I now wait impatiently for the 2006 opening of the New Museum’s new 35 million dollar building on the Bowery. Art aside, I am dying to see how the architects, Kazuyo Sejima and Ryue Nishizawa, in what appears to be a series of concrete rectangular blocks, dazzlingly stacked on top of each other, will transform my life through their use of space. No doubt, with Japanese architects at the tippy top of their game – think Tadao Ando – I will not be disappointed. All of this leads me to the new Museum of Modern Art, Japanese architect Yoshi Taniguchi’s Billion Dollar Baby.
Back from two years of temporary self-exile in Long Island City, Queens, a completely revamped, Museum of Modern Art, with a week of openings and an extra heavy barrage of media coverage, has returned to its 53rd Street address. And none too soon I might add, for out of sight is out of mind. Being fickle, I for one, in a city drowning in museums and galleries, did not miss MoMA all that much. Besides having mounted far too few memorable exhibitions of any size during its pre-Queens years – can you name one? – another cause for dismay was its permanent collection. The museum’s long and linear, follow the dots, chronological method of display had long stopped speaking to me. No matter how the curators tried to spruce it up, turning somersaults to breathe life into long passed historical moments with exhibitions like "Modern Starts 2000", the collection had turned into a closet of old clothes.

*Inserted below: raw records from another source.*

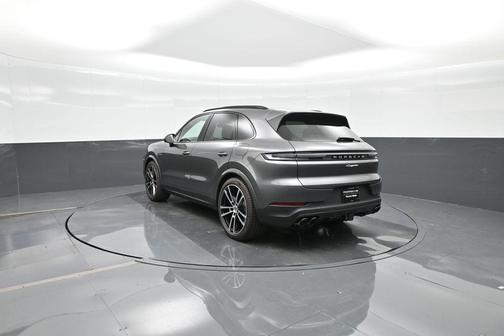 2026 Porsche Cayenne AWD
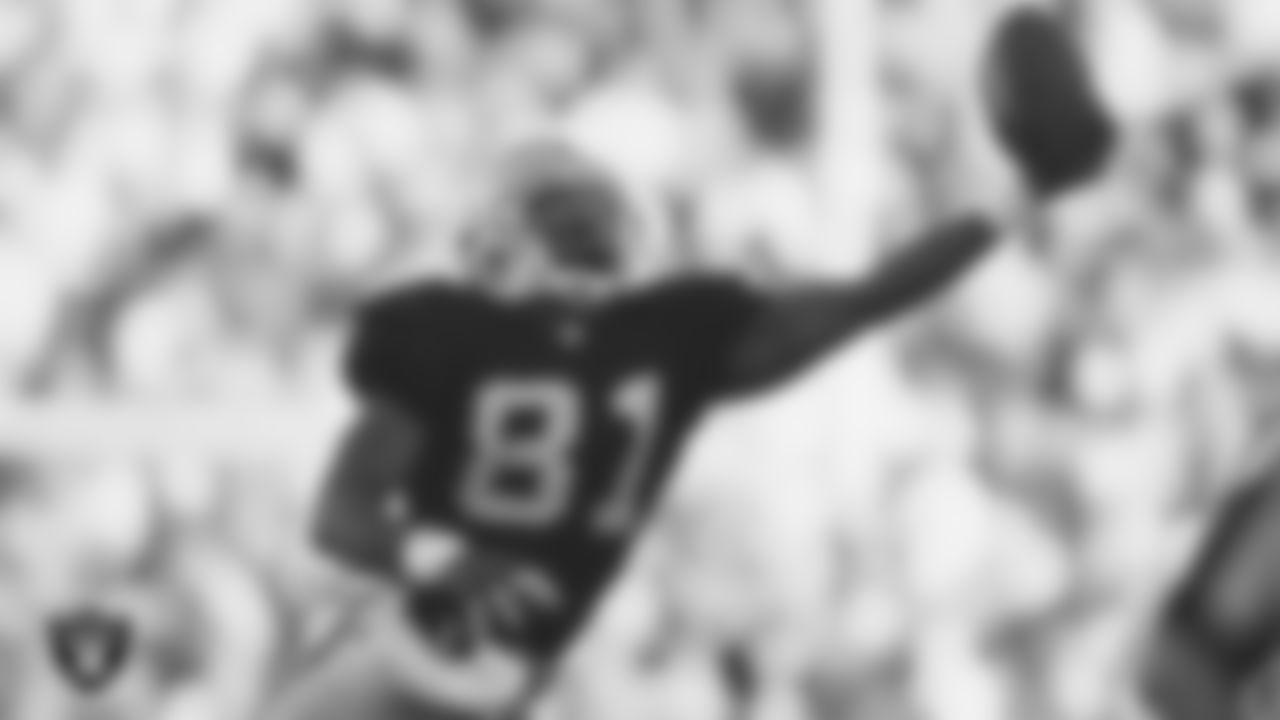 Oakland Raiders wide receiver Tim Brown (81) during the regular season away game against the Tampa Bay Buccaneers at Houlihans Stadium, Sunday, November 10, 1996, in Tampa, Fla.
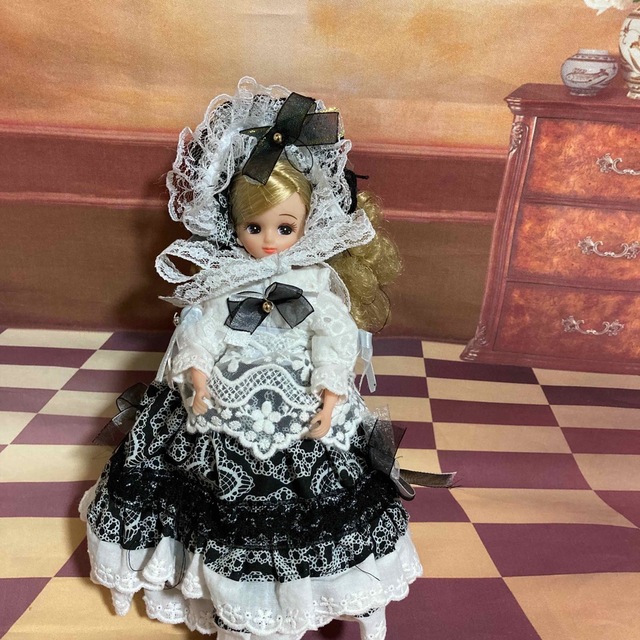 リカちゃんハンドメイド服、黒、白ゴシック風13点の通販 by MOMO's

More importantly, with its strong conservative bent, the aging, MoMA, nearly seventy-five years old had ceased to be fun. It lacked controversy and the type of youthful pizzazz that the Whitney Biennial and the Chelsea galleries are known to supply. Especially for us locals, tedium reigned supreme. It was obviously to everybody, museum officials included, that something had to be done.
The saving miracle in this morass was the museum’s prescient hiring of Yoshi Taniguchi, the perfect architect to build their new temple. It was a feat of prestidigitation, as the little known Taniguchi, though a respected entity in his own country, with a number of highly touted museums under his belt, had never worked outside of Japan. Having a small and busy architectural firm (only 15 people work in his office) the architect, until this offer, shied away from entering competitions. "I can’t generate something if I’m not 100 percent sure it will be built," he said. Thankfully for all involved, Taniguchi’s desire to win the prestigious MoMA competition both turned his head and changed his mind.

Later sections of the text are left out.